Covered persons younger than 19 are not subject to any pre-existing condition exclusions.
Q. Is there anything I can do to better manage my healthcare costs?
A. Yes, there are a number of steps you can take, including eating a more nutritionally balanced diet, exercising, stopping smoking, losing weight, using generic rather than prescription drugs, and generally being a better-informed healthcare consumer. For a more complete list of ideas on how you can reduce your healthcare costs, click here.
Q. Why doesn't the State provide more preventive coverage such as physicals or Pap smears?

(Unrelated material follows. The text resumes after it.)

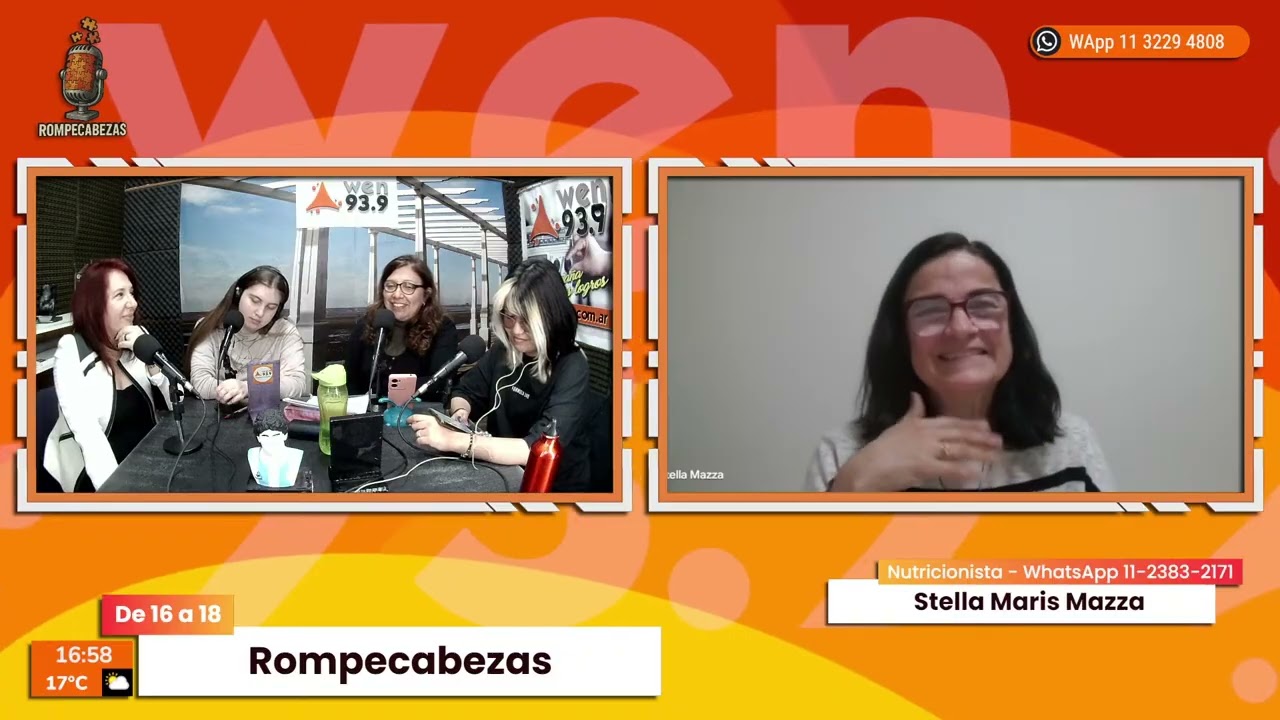 La importancia de una buena alimentación - Rompecabezas - 3/9/26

A. The State Health Plan provides coverage for a number of preventive procedures, including Pap smears. Members can receive a comprehensive blood analysis – including blood pressure and cholesterol checks – for just $15 through our Prevention Partners Workplace Screening program. Additionally, routine four-view mammograms are covered for women 35 and older, as are routine immunizations and checkups for children through age 18. Routine colonoscopies are covered once every 10 years, starting at age 50, even when no symptoms are apparent.
Generally speaking, the plan covers procedures recommended by the U.S. Preventive Services Task Force, an independent panel of experts in primary care and prevention that systematically reviews what treatments are effective. It does not recommend that individuals have an annual physical. However, BlueChoice HealthPlan HMO covers physicals and other preventive procedures that are not included in the State Health Plan.